YOUNGSTOWN — The president of Butler Wick & Co. said dozens of downtown jobs could have been saved if the company’s financial advisers had succeeded in buying the stock brokerage.
Before they could reach a deal, however, stock markets crashed in September and October, and the financial advisers no longer had assets they wanted to commit to the deal, said Tom Cavalier, chairman, chief executive and president of Butler Wick.
United Community Financial Corp., a Youngstown-based holding company that also owns Home Savings and Loan Co., then reached a deal to sell Butler Wick & Co. to St. Louis-based Stifel Financial Corp. for $12 million. The deal closed two weeks ago.
Cavalier estimated that between 30 and 35 of Butler Wick & Co.’s downtown staff are in jeopardy of losing their jobs once the systems of the two companies are merged in March. The office in the City Centre One building has 45 employees, including managers and support staff, in areas such as accounting and information technology.
Most of those jobs won’t be needed because much of that work will be done by staff in St.
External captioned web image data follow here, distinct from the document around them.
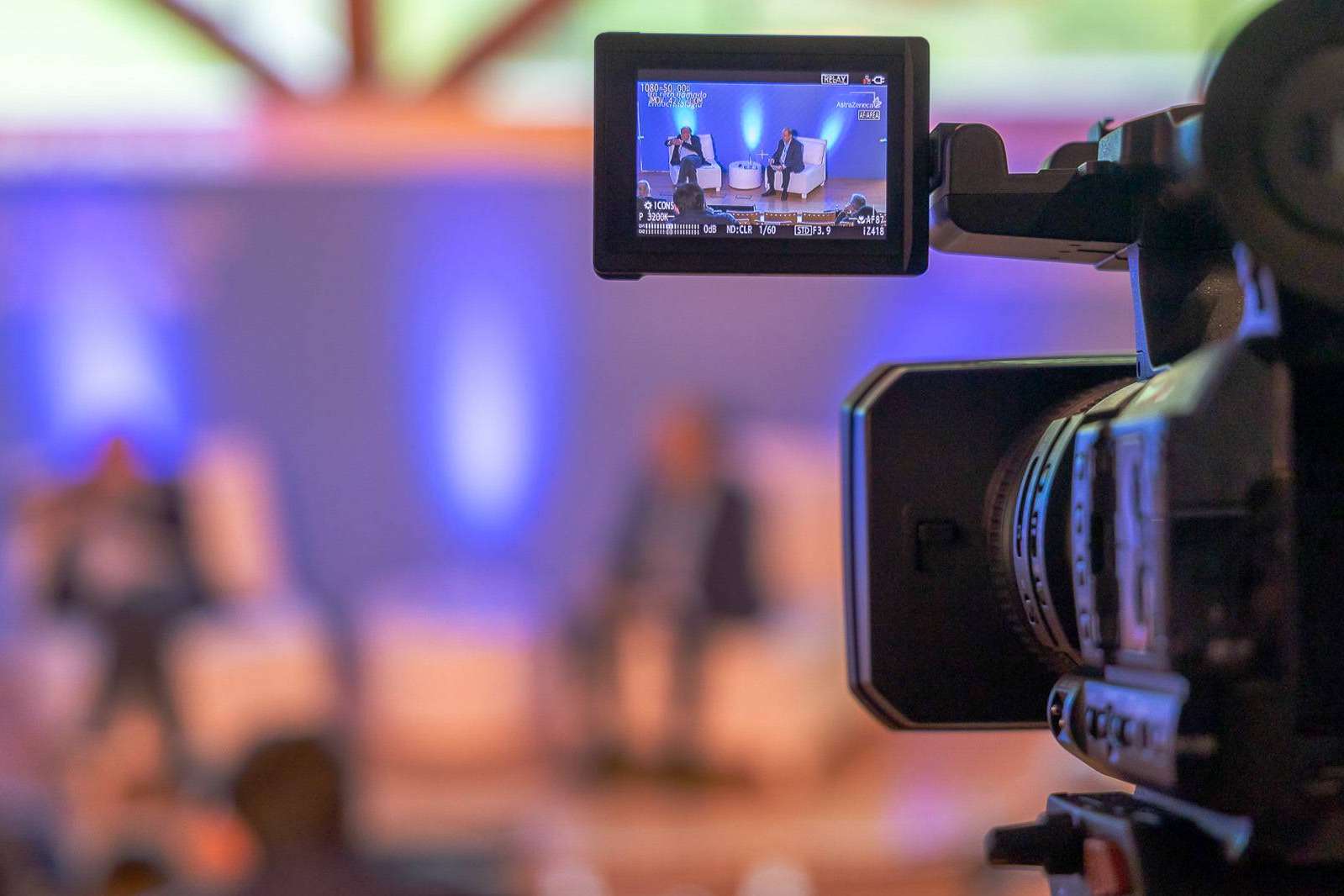 Balearslive, contenidos audiovisuales multiformato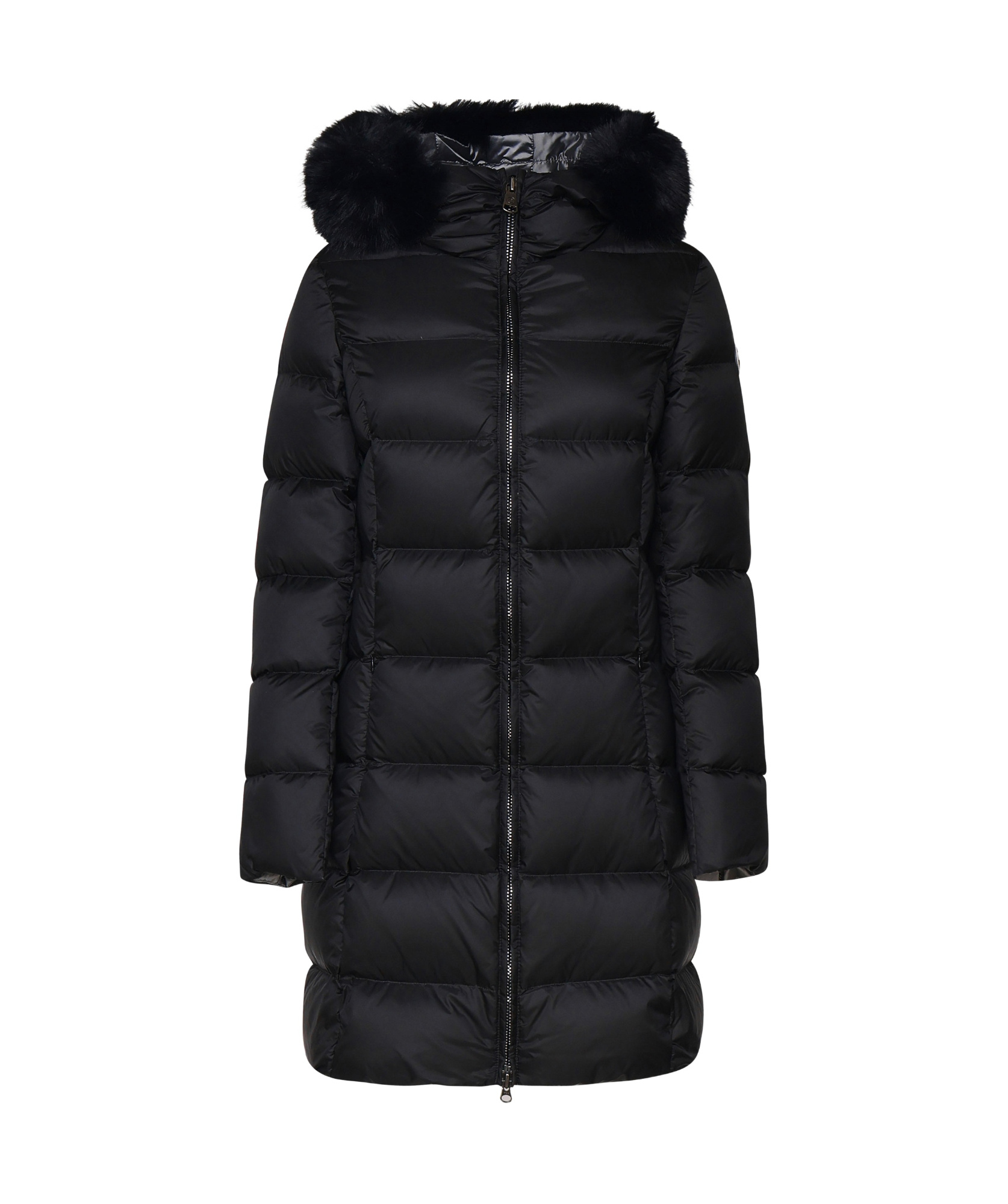 COLMAR ORIGINALS LONG-SLEEVED DOWN JACKET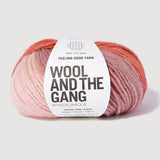 Wool and the Gang: Feeling Good Yarn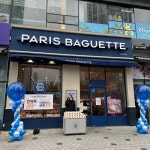 파리바게뜨 화성새솔점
Louis, Cavalier said.
The local company’s financial advisers and sales assistants were moved to branch offices a few years ago, and all of them will remain on staff, he said. Butler Wick moved the financial advisers to the suburbs out of concern that they would have switched companies in order to avoid the city’s 2.75 percent income tax, he said.
The local staff now operates as the Butler Wick division of Stifel and has 23 offices in Ohio, Pennsylvania and New York, employing 175.
Cavalier said he is talking about the local attempt to buy the company because of questions he is receiving. People are calling him and stopping him on the street to ask why local managers didn’t buy the company before it was sold to an out-of-state owner.
Cavalier said local managers had discussed a purchase for a few years and put together an offer last June. The offer was made because Butler Wick staff knew that United Community needed to reduce its debt and build its working capital, Cavalier said.
Each of the company’s financial advisers gave an amount that they would be willing to invest in the purchase, he said.
United Community officials issued a counterproposal to the Butler Wick staff in October, he said. At that point, investments held by those making the purchase offer had fallen between 30 percent and 50 percent, and there was no longer enough cash for the offer, he said.
Butler Wick officials had been talking to outside parties about joining as investors, but that interest also dried up in October, he said.
Cavalier added, however, that he thinks Butler Wick will benefit from the merger with Stifel. Clients still will be working with the same financial advisers, and the local office will have more resources to recruit financial advisers and offer more corporate finance programs to customers.
The sale to Stifel did not include Butler Wick Trust Co. United Community said Thursday, however, that it has reached a deal to sell the trust company to Farmers National Bank of Canfield for $12.1 million.
Officials said the trust company will keep its offices downtown and in Howland, and all 27 employees will keep their jobs.